İran’dan, İsrail’e rağmen, dünya diplomasi sahnesine etkili dönüş
1979 yılındaki İran devriminden bu yana ABD ile açık diplomatik teması bulunmayan ve nükleer silahlar konusunu baz alan Batılı devletlerin hedefinde bulunan İran, Washington ile spektaküler yakınlaşma sürecini BM Genel Kurulu çerçevesinde sürdürüyor.
İsrail’in engelleme çabalarına karşın, başta Fransa ve İngiltere olma üzere Batılı karar vericilerin ve Batı medyasının sürece psikolojik altyapı hazırlama çalışmaları da etkili sonuç verdi.
İsrail’den taş koyma çabası
İran Cumhurbaşkanı Hasan Ruhani’nin BM Genel Kurulu’nda verdiği mesajlarda yumuşama çağrısı dikkat çekerken, İsrail bizzat Başbakan Benjamin Netenyahu’nun ağzından yakınlaşma sürecini dekredibilize etme girişiminde bulundu. ABD Başkanı Barack Obama ile Ruhani arasında gerçekleşmesi beklenen görüşme olmadı ancak iki lider tarafından ifade edilen ılımlı mesajlar kayda geçti. Fransa Cumhurbaşkanı François Hollande ile İran liderinin görüşmesi de yeni döneme ilişkin önemli bir adım olarak değerlendiridi.
Uluslar arası gözlemcilere göre, İran ile ABD arasında buzların erimesi, Suriye’den Filistin konusuna kadar dünya diplomasi gündeminin önemli dosyalarında etkisi olacak bir süreci başlatabilir.
Ruhani’den yeni İsrail söylemi
Ruhani’nin BM konuşmasında İsrail-Filistin geriliminden bahsettiği sırasında “İsrail” kelimesini kulanmamasının yanı sıra “Siyonist devlet” dememesi de, kendisinden önceki İran lideri Mahmut Ahmedinecad ile arasına net bir çizgi çekme çabası olarak değerlendirildi.Ruhani’nin Batı basınında not edilen bu çabasına karşın, İsrail Başbakanı Benjamin Netenyahu, konuşmayı “iki yüzlü” bulduğunu kaydetti.

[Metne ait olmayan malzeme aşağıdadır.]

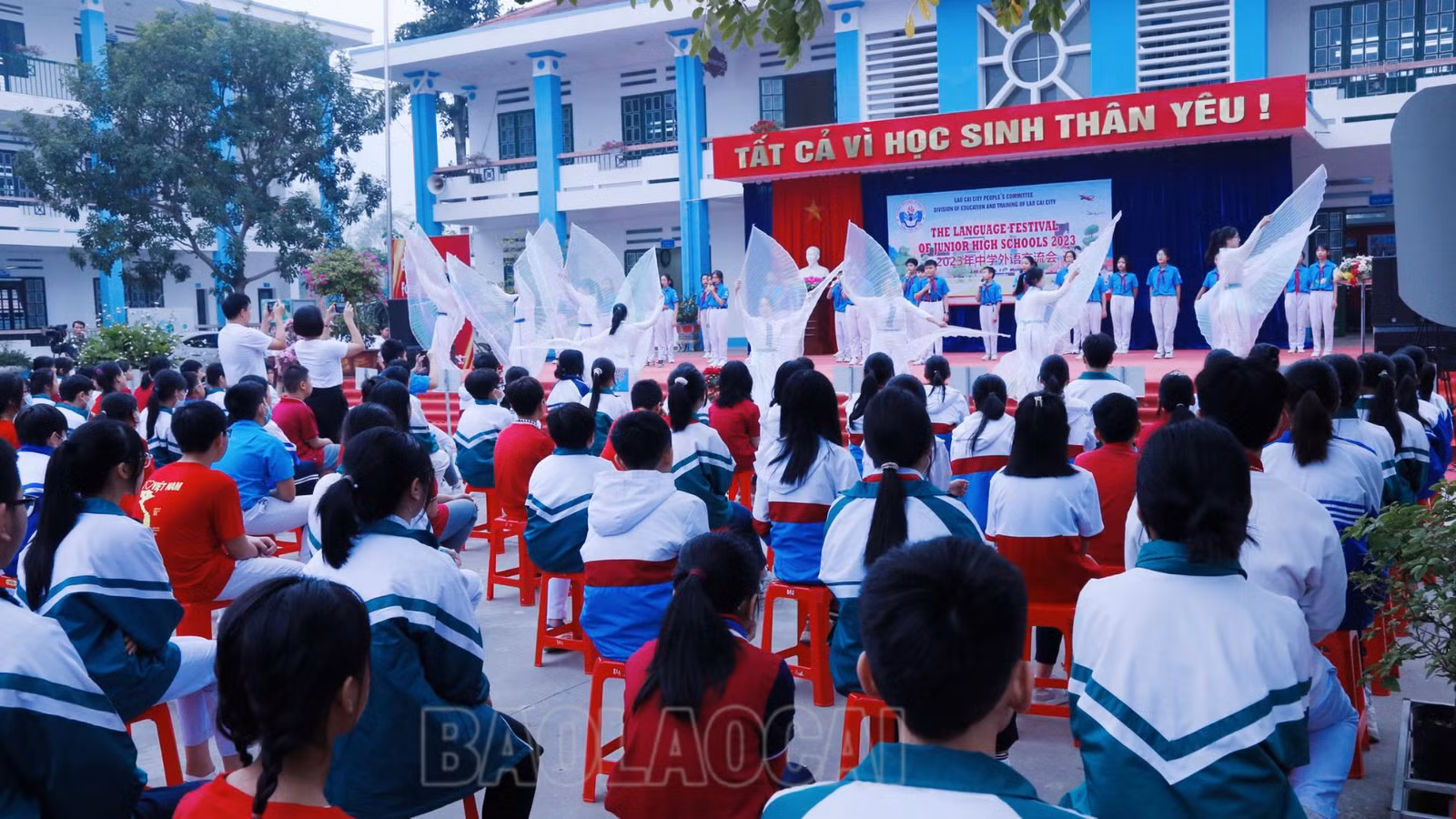 Hơn 250 học sinh tham gia Ngày hội Ngoại ngữ cấp THCS năm 2023 ảnh 1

Öte yandan, Ruhani, BM konuşmasında, ülkesinin nükleer programı konusunda “bir takvim çerçevesinde ve sonuç almaya yönelik” müzakerelere başlamaya hazır olduklarını söyledi. Ruhani, İran’a yönelik yaptırımların “şiddet içerdiğini” söyledi.ABD Başkanı Obama ise, Ruhani’nin ılımlı söylemini cesaret verici bulduğunu söyledi.